### What you need to do:
Retype, word for word, every line of the records below starting at the one that contains "Vorderseite einer Produktverpackung" and ending at the one that contains "Utopia Home Plastic"; include both of those lines and nothing more.

### Recorded data:

##############################

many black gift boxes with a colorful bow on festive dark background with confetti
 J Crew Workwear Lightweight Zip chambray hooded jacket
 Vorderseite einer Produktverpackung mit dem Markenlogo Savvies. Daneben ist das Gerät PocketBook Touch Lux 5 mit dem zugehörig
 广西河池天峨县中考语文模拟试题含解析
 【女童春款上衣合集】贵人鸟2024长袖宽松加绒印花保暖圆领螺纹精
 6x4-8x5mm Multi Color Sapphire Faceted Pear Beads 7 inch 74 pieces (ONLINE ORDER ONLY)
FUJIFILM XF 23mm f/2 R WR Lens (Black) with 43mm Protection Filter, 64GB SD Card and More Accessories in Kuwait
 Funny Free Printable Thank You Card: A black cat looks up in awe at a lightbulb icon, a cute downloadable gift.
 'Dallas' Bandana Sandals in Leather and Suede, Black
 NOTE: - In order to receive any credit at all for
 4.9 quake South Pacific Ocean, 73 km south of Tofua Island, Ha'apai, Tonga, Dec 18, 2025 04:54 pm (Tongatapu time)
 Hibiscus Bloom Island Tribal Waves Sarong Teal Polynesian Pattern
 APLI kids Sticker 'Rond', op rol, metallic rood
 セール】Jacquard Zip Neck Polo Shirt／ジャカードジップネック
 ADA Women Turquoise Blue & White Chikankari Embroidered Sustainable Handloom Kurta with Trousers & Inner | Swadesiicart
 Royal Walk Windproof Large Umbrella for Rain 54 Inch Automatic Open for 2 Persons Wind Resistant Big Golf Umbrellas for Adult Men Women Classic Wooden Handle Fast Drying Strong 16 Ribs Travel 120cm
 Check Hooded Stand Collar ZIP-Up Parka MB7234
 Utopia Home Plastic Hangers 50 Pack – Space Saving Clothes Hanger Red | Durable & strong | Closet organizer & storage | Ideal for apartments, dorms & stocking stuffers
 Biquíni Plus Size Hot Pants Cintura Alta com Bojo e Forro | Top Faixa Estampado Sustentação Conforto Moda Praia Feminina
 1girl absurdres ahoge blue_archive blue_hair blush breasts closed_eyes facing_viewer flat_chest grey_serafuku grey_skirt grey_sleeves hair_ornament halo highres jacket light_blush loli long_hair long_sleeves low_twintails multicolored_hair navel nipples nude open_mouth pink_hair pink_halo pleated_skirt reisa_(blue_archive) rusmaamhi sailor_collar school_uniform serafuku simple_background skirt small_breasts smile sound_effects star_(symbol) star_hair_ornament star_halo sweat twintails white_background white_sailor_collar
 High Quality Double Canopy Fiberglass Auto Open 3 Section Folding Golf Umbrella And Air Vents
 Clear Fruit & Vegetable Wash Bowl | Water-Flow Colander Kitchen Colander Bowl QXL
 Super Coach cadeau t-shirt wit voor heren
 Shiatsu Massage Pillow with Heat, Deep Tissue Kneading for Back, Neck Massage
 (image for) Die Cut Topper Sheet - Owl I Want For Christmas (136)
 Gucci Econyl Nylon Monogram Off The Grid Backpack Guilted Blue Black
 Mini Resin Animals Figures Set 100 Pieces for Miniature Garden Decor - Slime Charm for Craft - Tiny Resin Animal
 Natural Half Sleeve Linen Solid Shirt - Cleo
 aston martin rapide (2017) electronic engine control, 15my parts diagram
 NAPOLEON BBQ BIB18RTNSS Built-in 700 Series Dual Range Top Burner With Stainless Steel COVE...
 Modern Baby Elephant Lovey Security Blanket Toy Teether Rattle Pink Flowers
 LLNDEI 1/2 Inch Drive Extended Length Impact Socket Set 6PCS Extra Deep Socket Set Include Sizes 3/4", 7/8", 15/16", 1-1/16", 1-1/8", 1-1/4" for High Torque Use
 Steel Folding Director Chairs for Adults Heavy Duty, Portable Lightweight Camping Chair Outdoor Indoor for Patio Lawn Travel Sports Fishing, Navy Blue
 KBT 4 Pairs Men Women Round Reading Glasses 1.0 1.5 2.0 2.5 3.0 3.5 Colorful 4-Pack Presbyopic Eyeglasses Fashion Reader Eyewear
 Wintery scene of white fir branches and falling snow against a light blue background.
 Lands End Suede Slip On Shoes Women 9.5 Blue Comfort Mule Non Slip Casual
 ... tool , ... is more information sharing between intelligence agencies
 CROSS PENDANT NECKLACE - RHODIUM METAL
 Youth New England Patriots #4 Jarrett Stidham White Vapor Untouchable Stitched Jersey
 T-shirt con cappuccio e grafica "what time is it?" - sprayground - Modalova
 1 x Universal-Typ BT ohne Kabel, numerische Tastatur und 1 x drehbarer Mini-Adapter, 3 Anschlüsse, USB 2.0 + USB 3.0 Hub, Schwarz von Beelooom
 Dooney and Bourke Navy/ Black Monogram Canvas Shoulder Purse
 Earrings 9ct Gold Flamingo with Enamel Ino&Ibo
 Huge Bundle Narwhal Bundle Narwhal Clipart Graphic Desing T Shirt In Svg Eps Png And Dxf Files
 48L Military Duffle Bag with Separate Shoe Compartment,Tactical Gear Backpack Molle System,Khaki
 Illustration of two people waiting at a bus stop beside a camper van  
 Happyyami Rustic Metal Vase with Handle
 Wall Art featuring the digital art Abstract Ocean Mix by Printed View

##############################

### Solution for this problem:
 Vorderseite einer Produktverpackung mit dem Markenlogo Savvies. Daneben ist das Gerät PocketBook Touch Lux 5 mit dem zugehörig
 广西河池天峨县中考语文模拟试题含解析
 【女童春款上衣合集】贵人鸟2024长袖宽松加绒印花保暖圆领螺纹精
 6x4-8x5mm Multi Color Sapphire Faceted Pear Beads 7 inch 74 pieces (ONLINE ORDER ONLY)
FUJIFILM XF 23mm f/2 R WR Lens (Black) with 43mm Protection Filter, 64GB SD Card and More Accessories in Kuwait
 Funny Free Printable Thank You Card: A black cat looks up in awe at a lightbulb icon, a cute downloadable gift.
 'Dallas' Bandana Sandals in Leather and Suede, Black
 NOTE: - In order to receive any credit at all for
 4.9 quake South Pacific Ocean, 73 km south of Tofua Island, Ha'apai, Tonga, Dec 18, 2025 04:54 pm (Tongatapu time)
 Hibiscus Bloom Island Tribal Waves Sarong Teal Polynesian Pattern
 APLI kids Sticker 'Rond', op rol, metallic rood
 セール】Jacquard Zip Neck Polo Shirt／ジャカードジップネック
 ADA Women Turquoise Blue & White Chikankari Embroidered Sustainable Handloom Kurta with Trousers & Inner | Swadesiicart
 Royal Walk Windproof Large Umbrella for Rain 54 Inch Automatic Open for 2 Persons Wind Resistant Big Golf Umbrellas for Adult Men Women Classic Wooden Handle Fast Drying Strong 16 Ribs Travel 120cm
 Check Hooded Stand Collar ZIP-Up Parka MB7234
 Utopia Home Plastic Hangers 50 Pack – Space Saving Clothes Hanger Red | Durable & strong | Closet organizer & storage | Ideal for apartments, dorms & stocking stuffers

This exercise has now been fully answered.